Thursday, August 5, 2010

dust bunnies

I was reminded of 'myspace' today, i went on to delete my account b/c I never use it and found some old blogs from when I was in university. It seems like another life ago. As I read all these old memories came back and I realize I forgot who that person was. I was a girl, who learned how to be a child again. I was having fun, I didn't have to be grown up, I didn't have to be responsible. I lived in complete abandonment to what God was doing with our life together and in complete Trust that he would take care of us. I was confident. I was focused and I was driven. I could do anything. I felt like a superstar, blowing away my professors and leaving them speechless with my work . I found pride in obtaining ridiculous grades, researching and painting till I thought I would die of exhaustion and graduating with Top honours in my class. I worked hard, I loved to study and do the impossible. I had goals. I was proud. I was strong.

I have forgotten who I was, who i dreamed I would become. i have forgotten about that driven girl who could accomplish anything she put her mind to.

i read a friends old blog on her myspace page as well from years ago, she had just had her second child and talked about dreams collecting dust on the shelf. I feel like this is me right now. Dreams collecting dust on the shelf. I love Jack, i love being a mom but I feel like life should be further along than it is right now.

she writes "I truly thought that being at home with my second child would allow me to focus on my portfolio and work towards something....anything. But as the sun rises and sets each day, my dormant dreams still lie on the shelf collecting dust. I am now focusing on going back to my fulltime job, leaving even less time to fulfill my dreams. I believe that our dreams/passions are what make us who we are. Without them we begin to fade."

My colours don't feel quite as bright anymore.

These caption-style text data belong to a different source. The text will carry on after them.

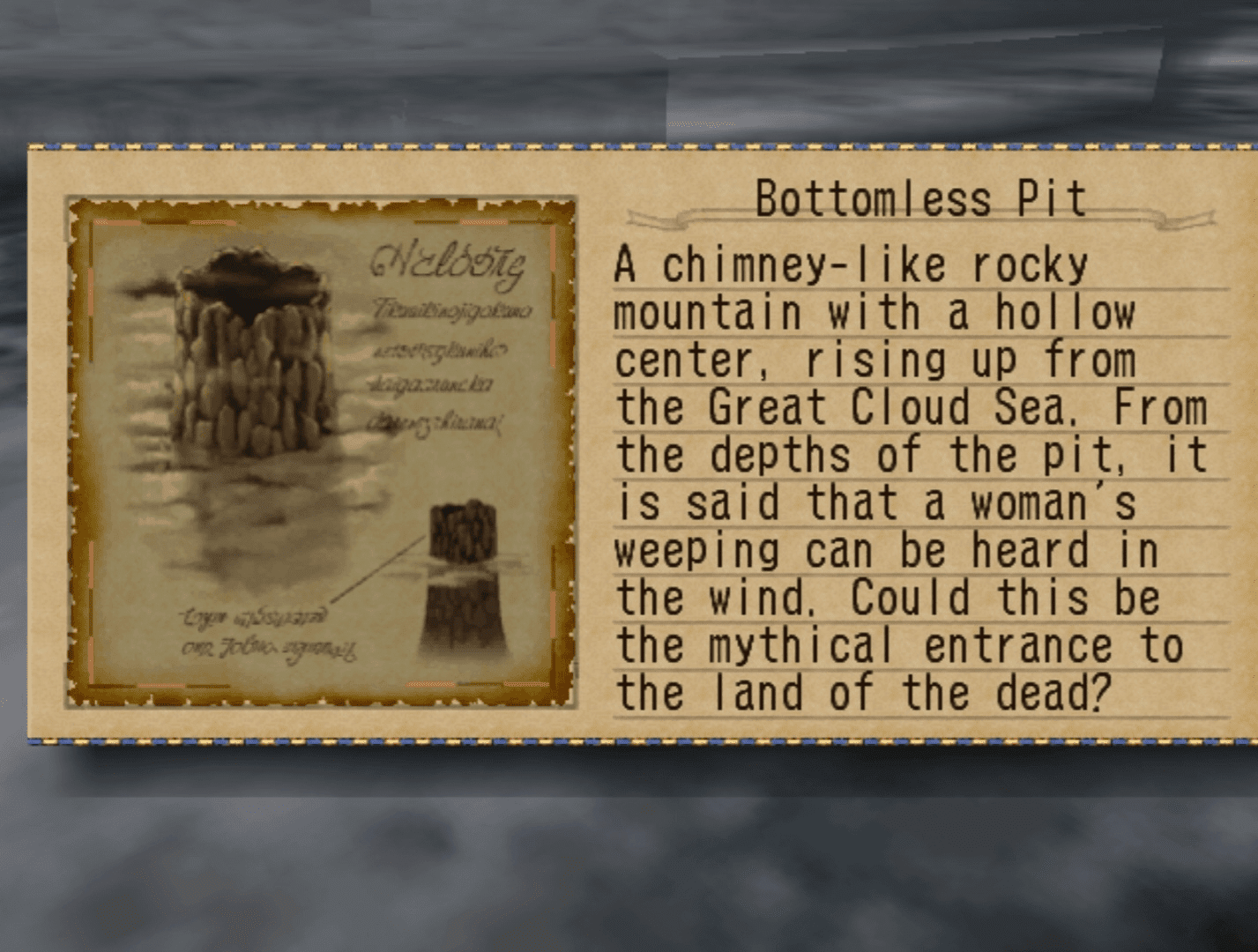 Skies of Arcadia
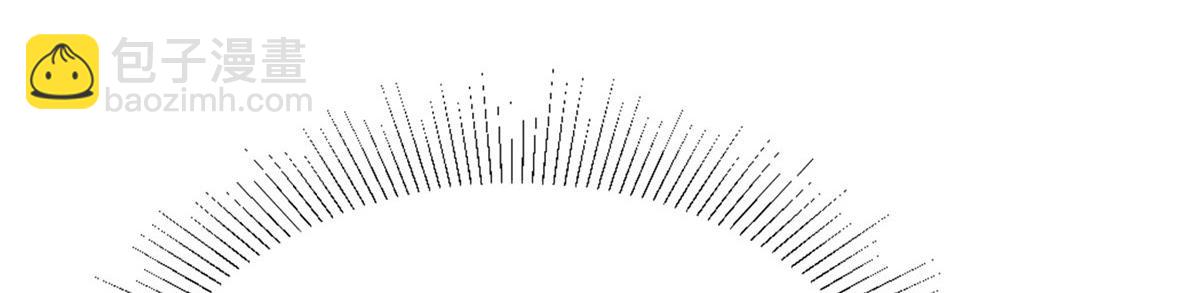 抱歉我拿的是女主劇本 - 第249話 塵埃落定(3/3) - 2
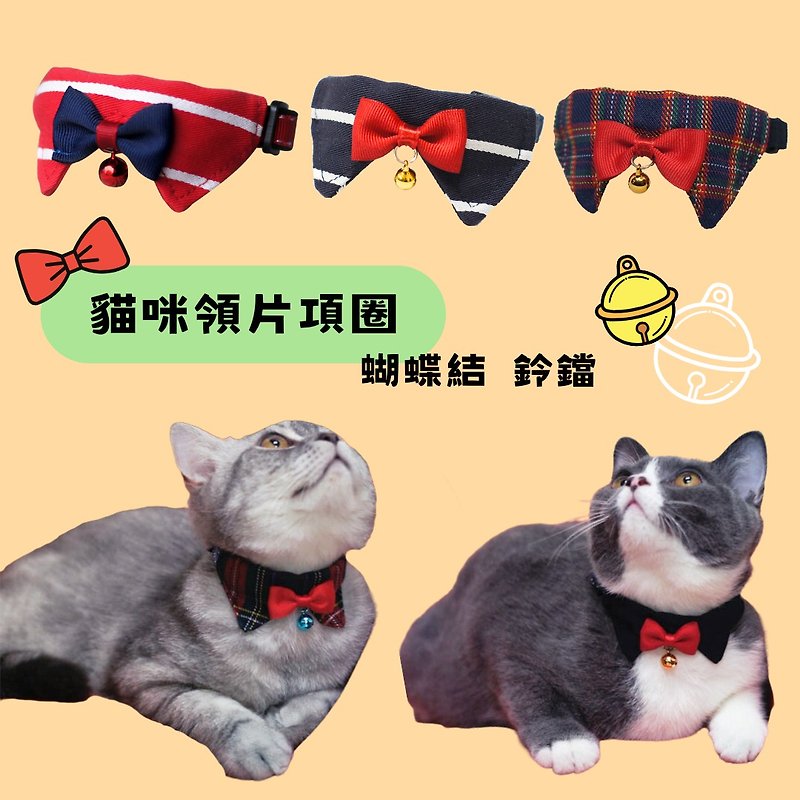 Pet collar, cat collar, tie, bell, safety buckle, handmade collar (various styles) - Collars & Leashes - Cotton & Hemp Blue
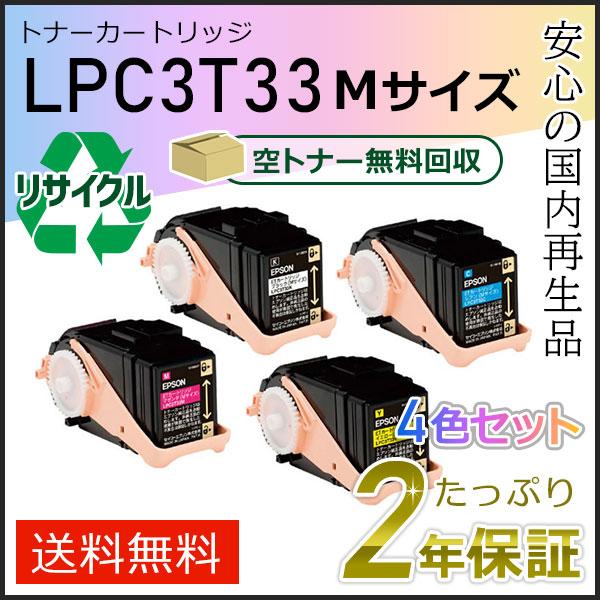 LPC3T33K/LPC3T33C/LPC3T33M/LPC3T33Y エプソン用 リサイクルETカ...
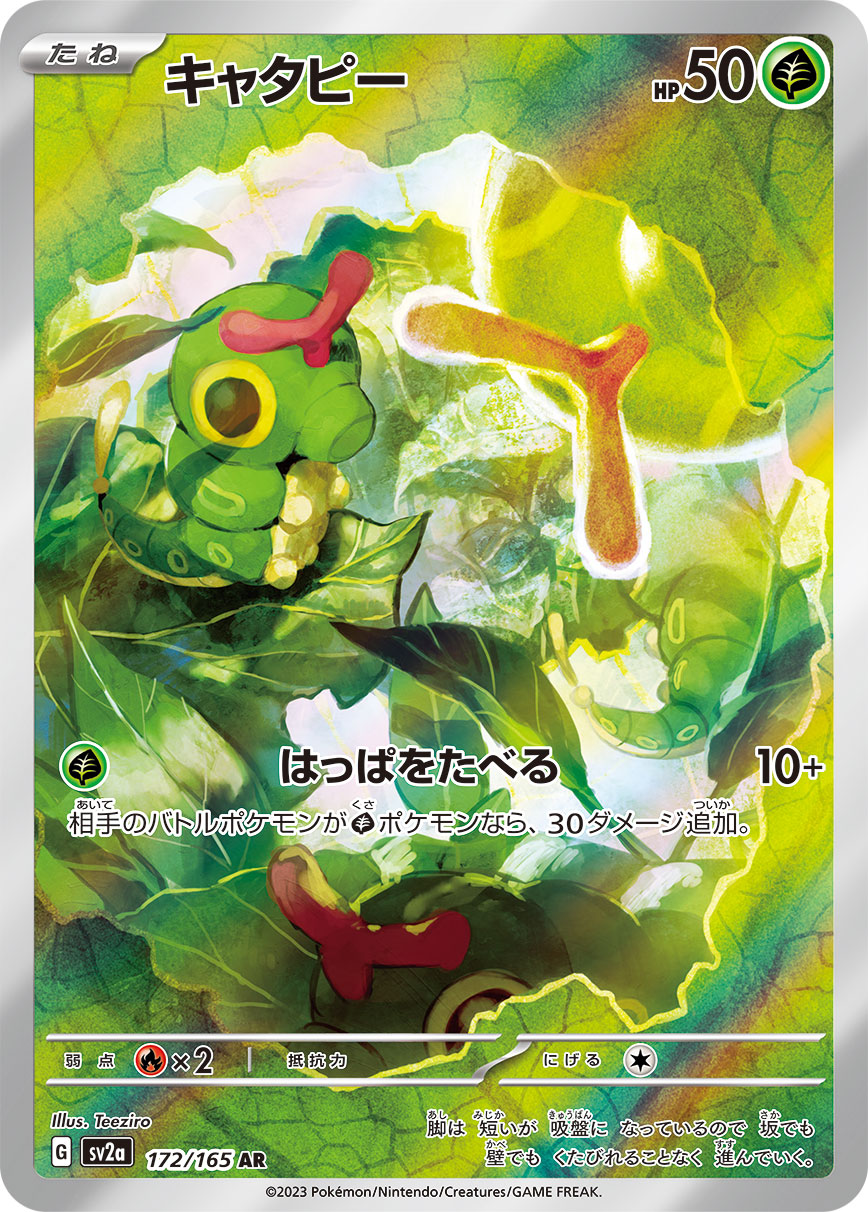 Pokemon Caterpie 【AR】172/165 SV2a 151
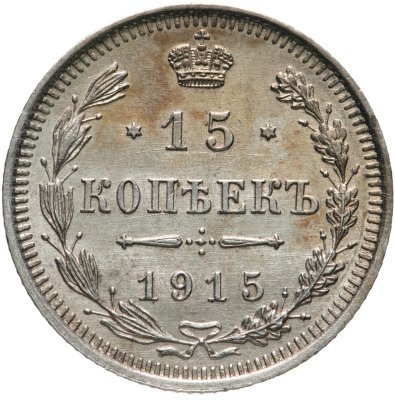 купить 15 копеек 1915 ВС
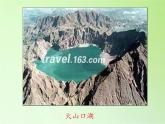 苏教版六年级科学上册 2.5 地表的变迁(1) 课件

"We surround ourselves with those who are like us and I am surrounded by talented artists, musicians and everyday drama queens who constantly struggle with their artistic dreams/passions. It seems that instead of trusting God with our future we put down the paintbrush and get the first desk job we can find to pay the bills and feed the kids. I feel as though I've pack up my dreams and place them on a shelf. Yes, I take them out every once in awhile, dust them off and give them a good run, but not with the same passion I had before."

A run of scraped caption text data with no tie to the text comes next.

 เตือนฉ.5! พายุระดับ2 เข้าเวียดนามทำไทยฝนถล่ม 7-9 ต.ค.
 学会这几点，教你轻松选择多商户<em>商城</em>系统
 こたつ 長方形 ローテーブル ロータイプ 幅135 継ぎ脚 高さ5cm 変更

She is right. I feel it, and it makes me cry.

I feel like i am at a funeral in my mind, mourning the loss of who I was. Can be her again? Is that part of really lost or just collecting dust? i don't feel strong. I don't feel driven. I have allowed that desk job to destroy me and I dread the thought of starting back again in January for what it might do further. It steals my joy, my creativity, and robs me of who I am. Becoming a mommy, I thought the same, time to create, time finally have it all happen. Instead I am at a stand still. I have accepted that that is ok. That right now most important is my boy. That there will be time again, and that it is just on pause. But I am afraid I will be stuck. I am afraid it will never happen for me. That I will just sit here waiting collecting dust.

I know the truth but it is difficult to remember, I am more than a conqueror and Jesus created me with a very specific design and purpose in mind. And that it is all in His timing not mine.